Task brief: What is needed is a word-for-word copy of the listing below, without pictures.

Provided data:
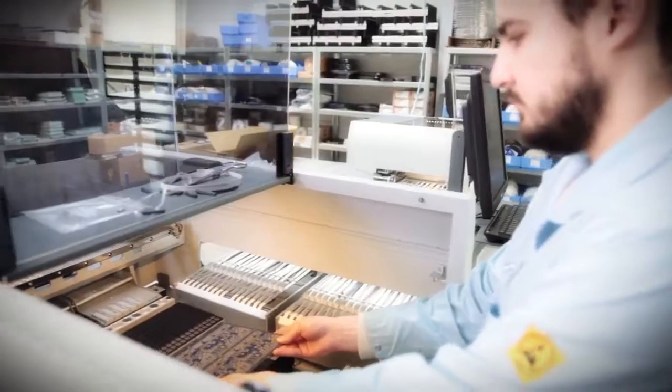I supervise the development department at Global Control 5. It's my task to create the product from the beginning — designing the case, the circuit board, thinking about the concept for the finished product. When it's complete, I send it to the production department.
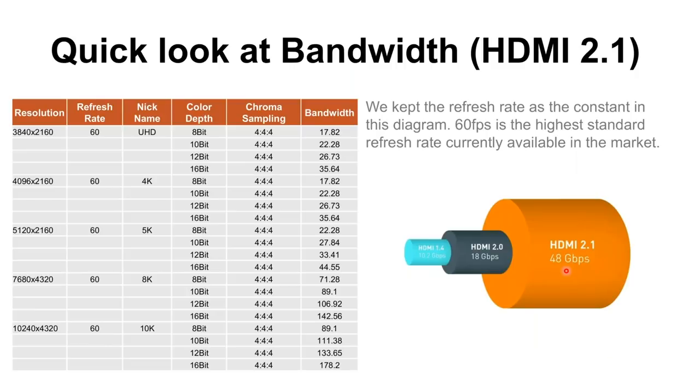Looking at HDMI 2.1 bandwidth: 60 fps is really manageable and easy to move around a distribution system — we just don't have a lot of content at 60 fps yet. At 4K 60, 8-bit, 4:4:4, we're still within HDMI 2.0 — no problem. But anything after that, like going from 8-bit to 10-bit as in the Billy Lynn movie, puts us over 18 gigs at 22 gigs. At 4096×2160, 60 fps, 8-bit we're at 17.8 gigs — still okay — but as soon as we want 10-bit or 12-bit, we need HDMI 2.1. At 5K 60, even 8-bit won't work. 8K 60 at 8-bit, 4:4:4 is 71 gigs; 10K 60 at 8-bit is 90 gigs. As we want better pictures, bigger images, and more color, we simply need more bandwidth.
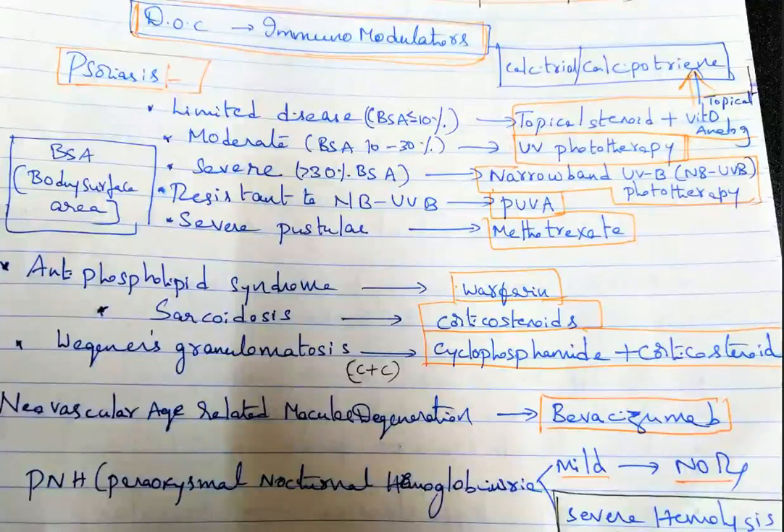This is a short video about immunomodulators. In psoriasis, we divide the condition based on the body surface area involved. For limited disease, when body surface area is less than 10 percent, we give topical steroid plus vitamin D analog, both given topically.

Written response:
I supervise the development department at Global Control 5. It's my task to create the product from the beginning — designing the case, the circuit board, thinking about the concept for the finished product. When it's complete, I send it to the production department.
Looking at HDMI 2.1 bandwidth: 60 fps is really manageable and easy to move around a distribution system — we just don't have a lot of content at 60 fps yet. At 4K 60, 8-bit, 4:4:4, we're still within HDMI 2.0 — no problem. But anything after that, like going from 8-bit to 10-bit as in the Billy Lynn movie, puts us over 18 gigs at 22 gigs. At 4096×2160, 60 fps, 8-bit we're at 17.8 gigs — still okay — but as soon as we want 10-bit or 12-bit, we need HDMI 2.1. At 5K 60, even 8-bit won't work. 8K 60 at 8-bit, 4:4:4 is 71 gigs; 10K 60 at 8-bit is 90 gigs. As we want better pictures, bigger images, and more color, we simply need more bandwidth.
This is a short video about immunomodulators. In psoriasis, we divide the condition based on the body surface area involved. For limited disease, when body surface area is less than 10 percent, we give topical steroid plus vitamin D analog, both given topically.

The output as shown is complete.